Without team-wide planning, data scientists tend to work with environments that are scattered and unofficial. If IT teams provided a centralized dev platform for data scientists, it would easier to keep dev work secure and backed up, minimize data set duplication, and onboard new users. 

AI developers can use a centralized storage server to simplify infrastructure management

Figure 2: Example of centralized IDEs for data scientists using JupyterHub inside a Kubernetes cluster.

Put all those data flavors together on a central storage server to simplify infrastructure management. Ideally, that central data hub would also support data from other pieces of the platform, including Docker images and monitoring/logging tools, with high performance.

#8 A production AI pipeline brings a whole variety of storage needs. 

Once a model is ready for production, it needs to be hosted somewhere. It needs monitoring and a way to set up pipelines that continuously retrain the model with new data.
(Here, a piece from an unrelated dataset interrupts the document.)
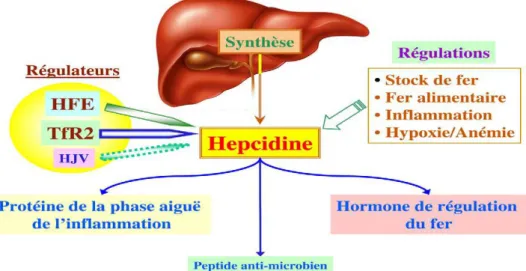 Fig. 10. Principaux rôles de l’hepcidine. 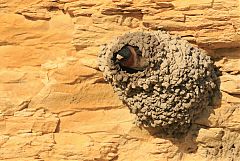 Cliff Swallow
Incoming data needs a place to land, and inference results need to be preserved and shared. Storage that supports the entire pipeline can minimize data copy time and enable cross-pipeline monitoring, alerts, and security. 

AI developers production pipeline

Figure 3: Example components of an inference pipeline running inside a Kubernetes cluster. Each piece needs storage that meets specific data requirements.

Takeaway

Building deep-learning models is a journey that drives a wide range of I/O patterns on the underlying storage. At first glance, it seems storage should be optimized for random-access read throughput of large files, but a holistic view of the development process shows that this is only part of the story. The workloads will also tax storage performance for small files, metadata, and writes. 

When there’s a tool that you depend on all the time, it’s worth investing in a reliable, high-quality version of it. If you’ll be doing deep learning at scale, see if you can simplify both developer and IT team processes by using a fast, versatile storage solution that meets all of the diverse AI needs.